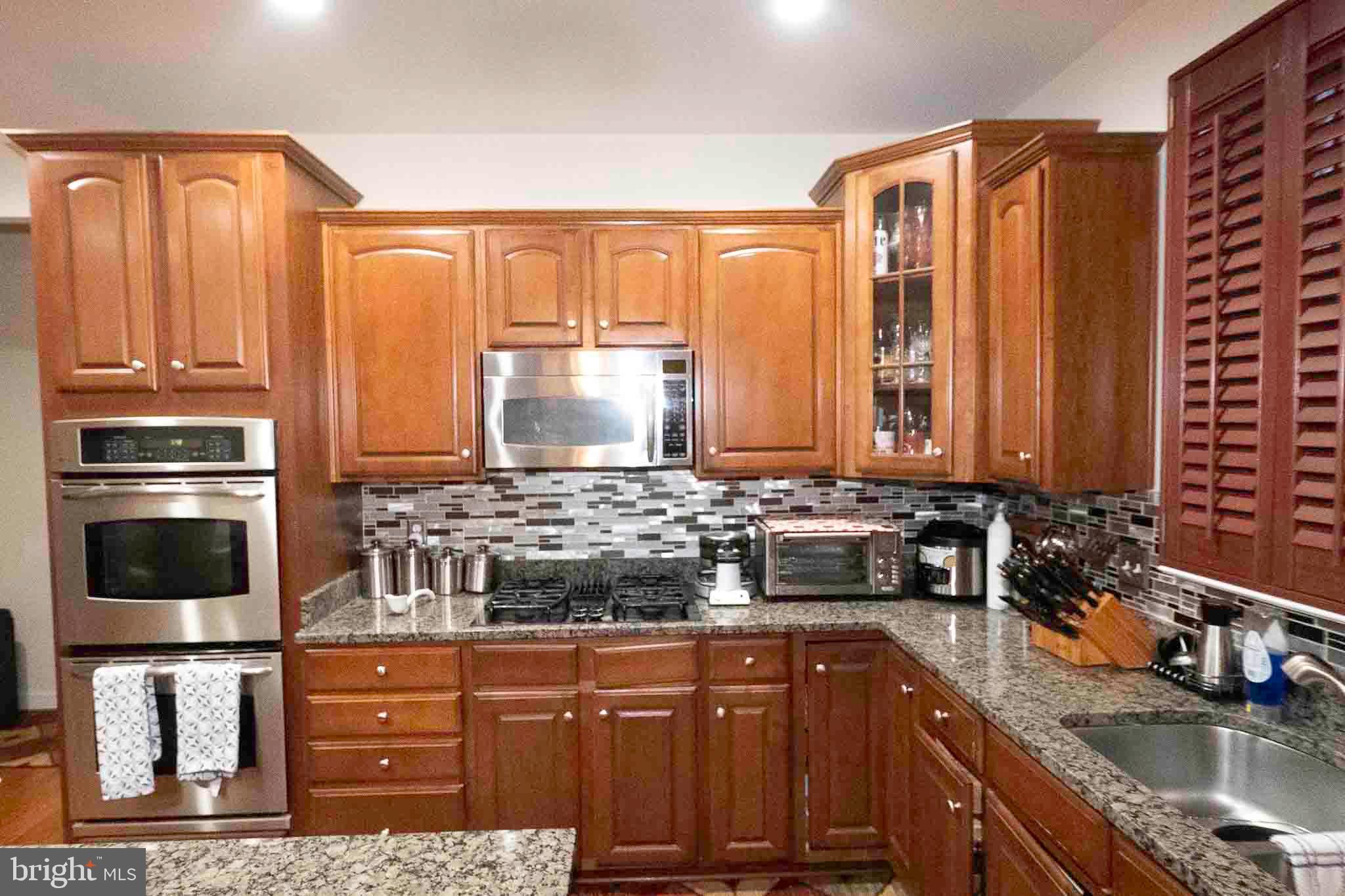 ESTATES AT LEE'S PARKE - Residential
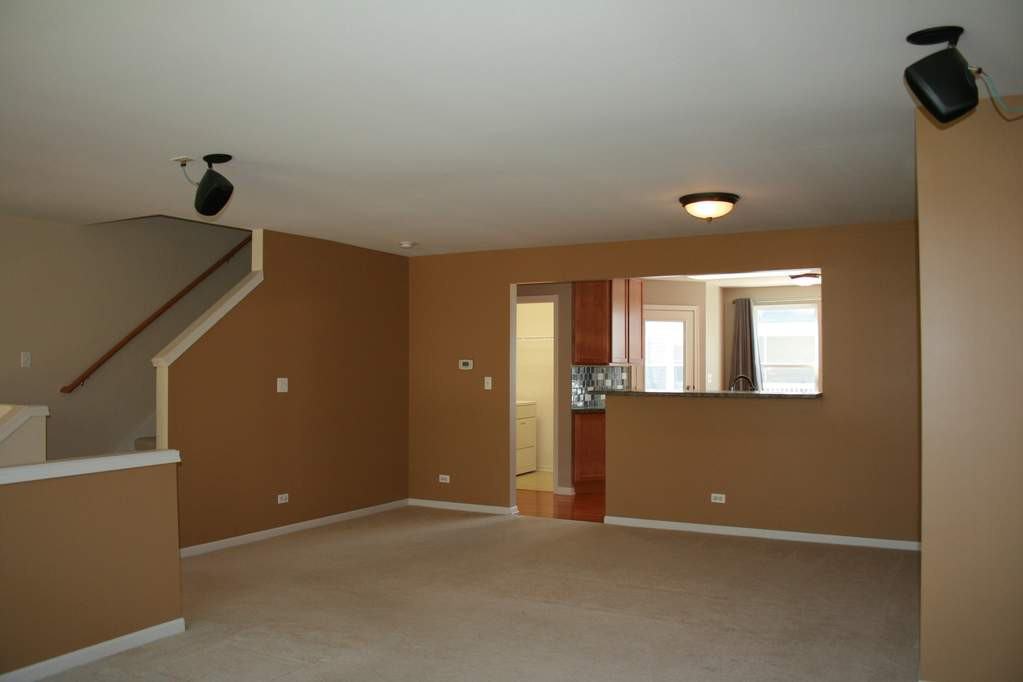 2462 Emily Ln - Photo 3 of 22
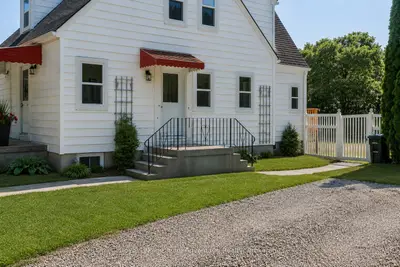 9 Houden Street, Springwater, On L0l 1p0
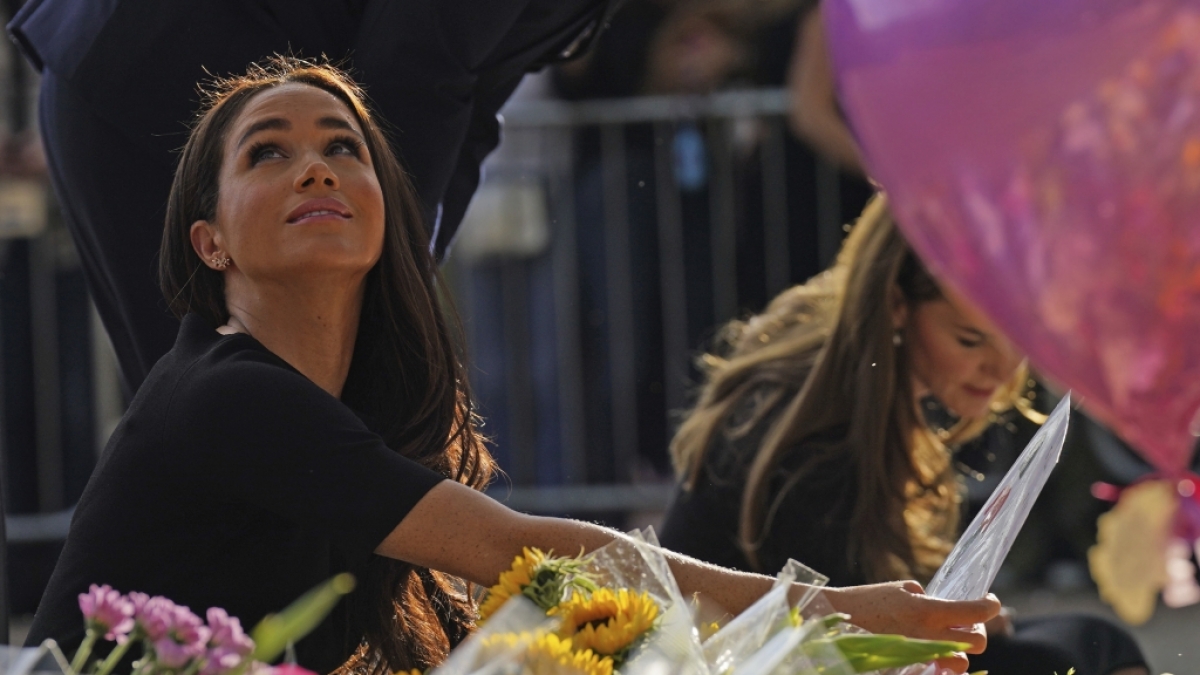 Meghan Markle wurde vor Schloss Windsor von Royals-Fans ignoriert. (Foto)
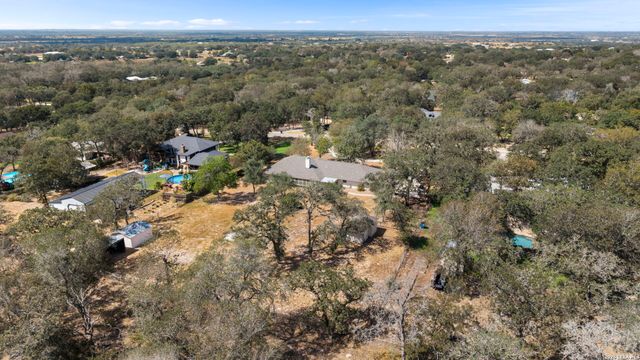 360 BEAR RIDGE DR, La Vernia, TX 78121
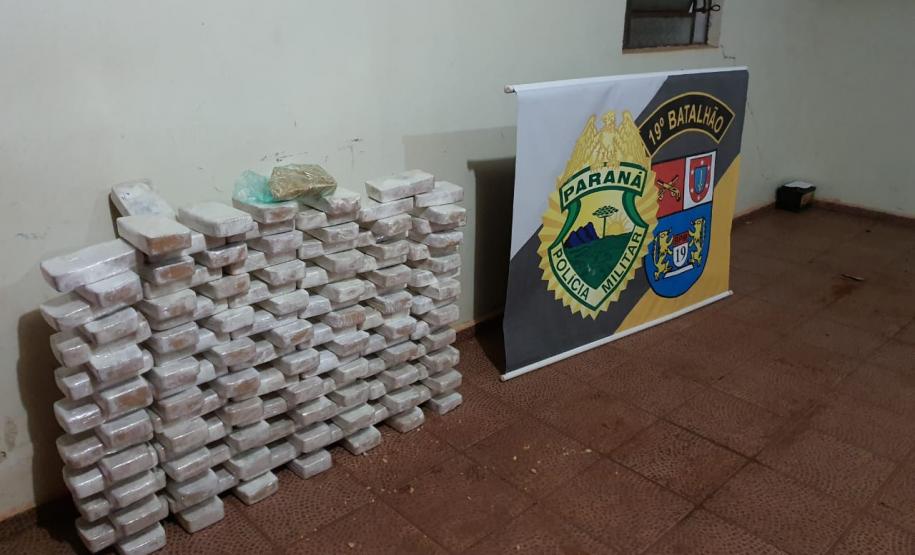 Carro com 132 quilos de crack é apreendido pela PM em Guaíra (PR), no Oeste do estado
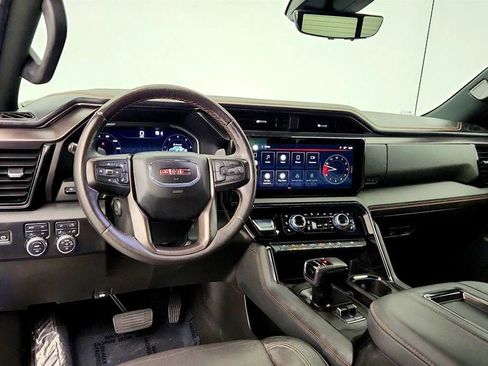 Used 2022 GMC Sierra 1500 AT4 w/ AT4 Premium Package AWD/4WD image 13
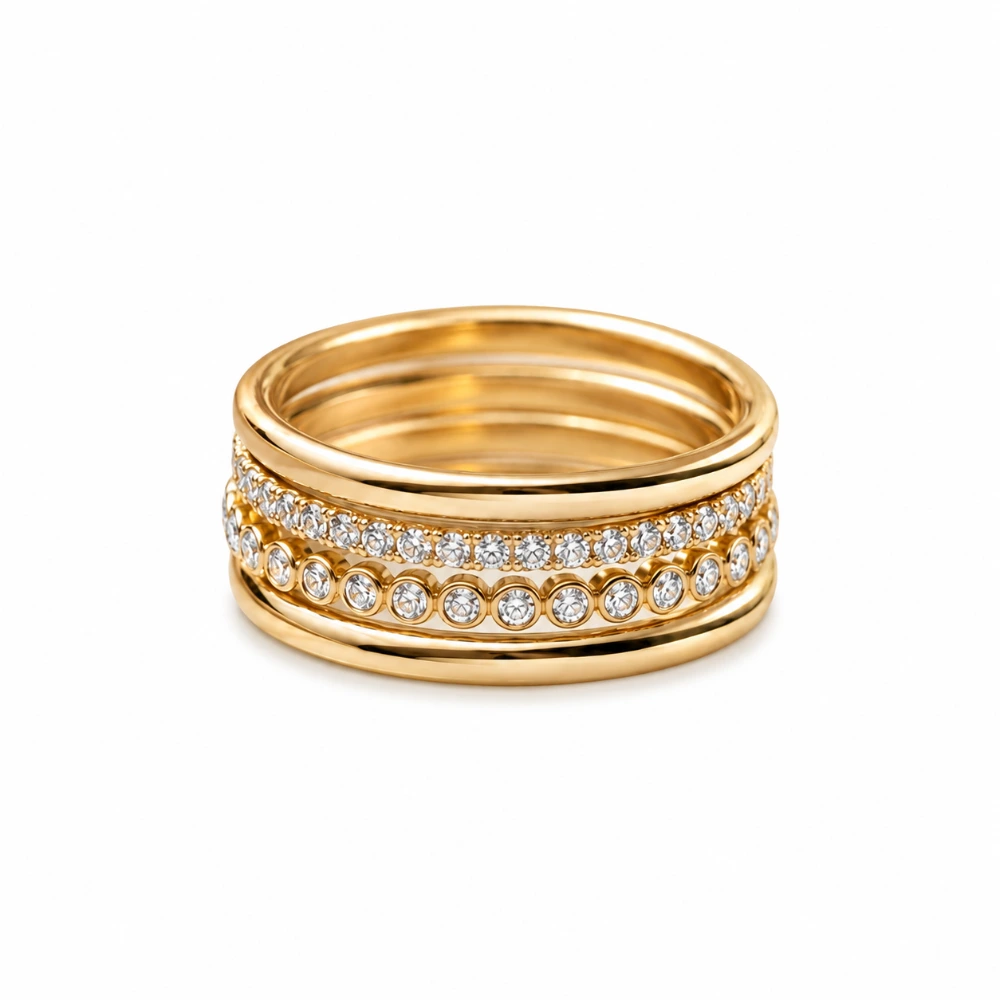The Bezel Line Stack — Set 4 cincin · Pavé 30 × 0,015 ct + bezel 24 × 0,02 ct + 2 band polos · Emas 18K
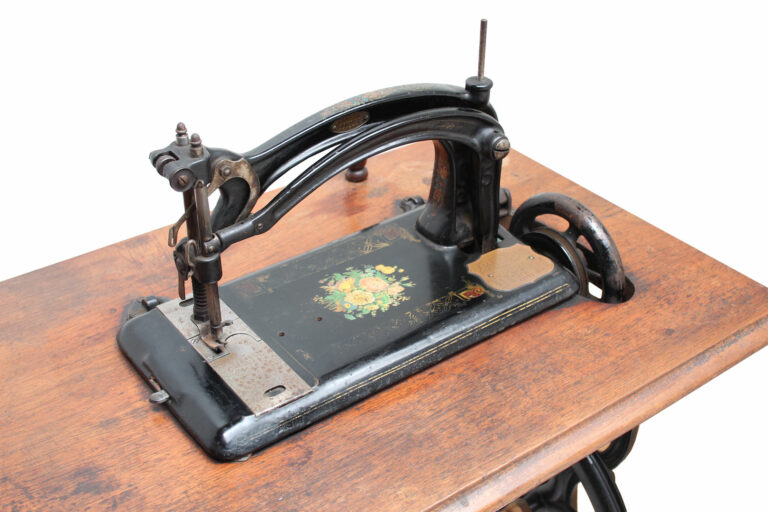 AMERIKAAN-BUTTON-HOLE-OVERSEAMING-&-Snaaimachine-Company-no-05-05-museum-global-web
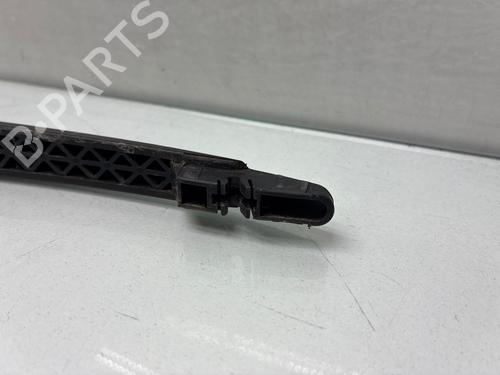 Used Rear windshield wiper arm Rear windshield wiper arm 38625793 38625793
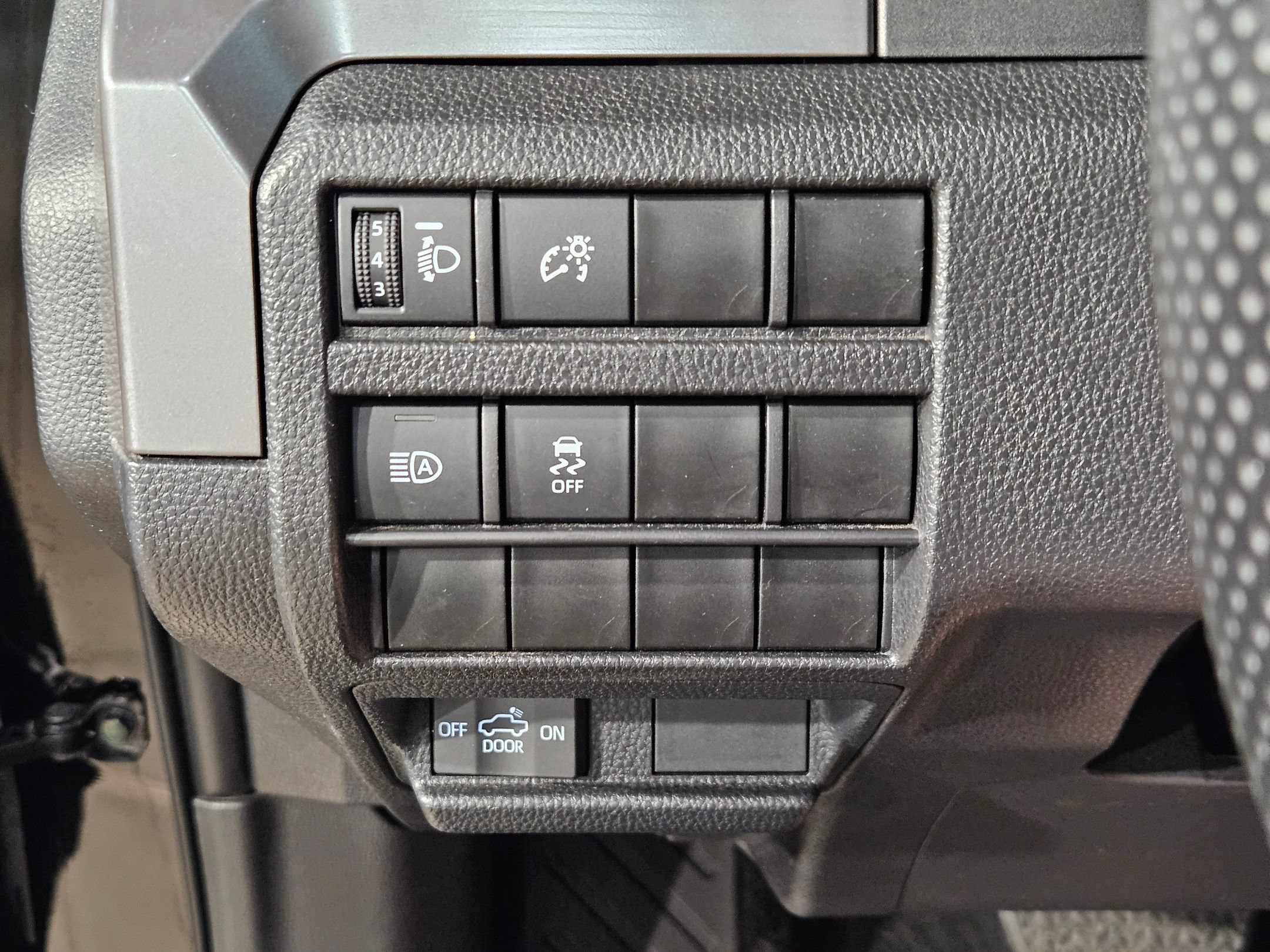 Used 2025 Toyota Tacoma SR5 AWD/4WD image 25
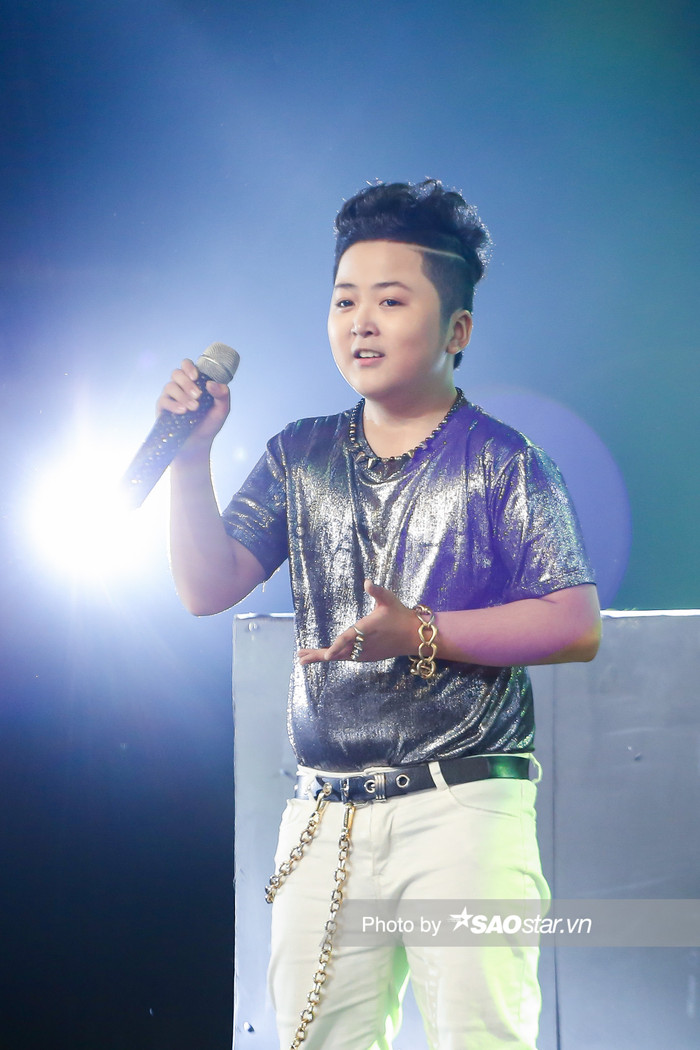 Sỹ Luân - giọng ca nhí 11 tuổi gây chú ý với ngoại hình đáng yêu và chất giọng nội lực. Cậu bé từng ghi dấu ấn với vũ điệu voi con hấp dẫn không kém gà con của Đăng Bách trên sân khấu vòng Giấu mặt.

----------

(What to produce): The answer should match the material exactly, with every picture removed.

(Written reply):
 ESTATES AT LEE'S PARKE - Residential
 2462 Emily Ln - Photo 3 of 22
 9 Houden Street, Springwater, On L0l 1p0
 Meghan Markle wurde vor Schloss Windsor von Royals-Fans ignoriert. (Foto)
 360 BEAR RIDGE DR, La Vernia, TX 78121
 Carro com 132 quilos de crack é apreendido pela PM em Guaíra (PR), no Oeste do estado
 Used 2022 GMC Sierra 1500 AT4 w/ AT4 Premium Package AWD/4WD image 13
The Bezel Line Stack — Set 4 cincin · Pavé 30 × 0,015 ct + bezel 24 × 0,02 ct + 2 band polos · Emas 18K
 AMERIKAAN-BUTTON-HOLE-OVERSEAMING-&-Snaaimachine-Company-no-05-05-museum-global-web
 Used Rear windshield wiper arm Rear windshield wiper arm 38625793 38625793
 Used 2025 Toyota Tacoma SR5 AWD/4WD image 25
 Sỹ Luân - giọng ca nhí 11 tuổi gây chú ý với ngoại hình đáng yêu và chất giọng nội lực. Cậu bé từng ghi dấu ấn với vũ điệu voi con hấp dẫn không kém gà con của Đăng Bách trên sân khấu vòng Giấu mặt.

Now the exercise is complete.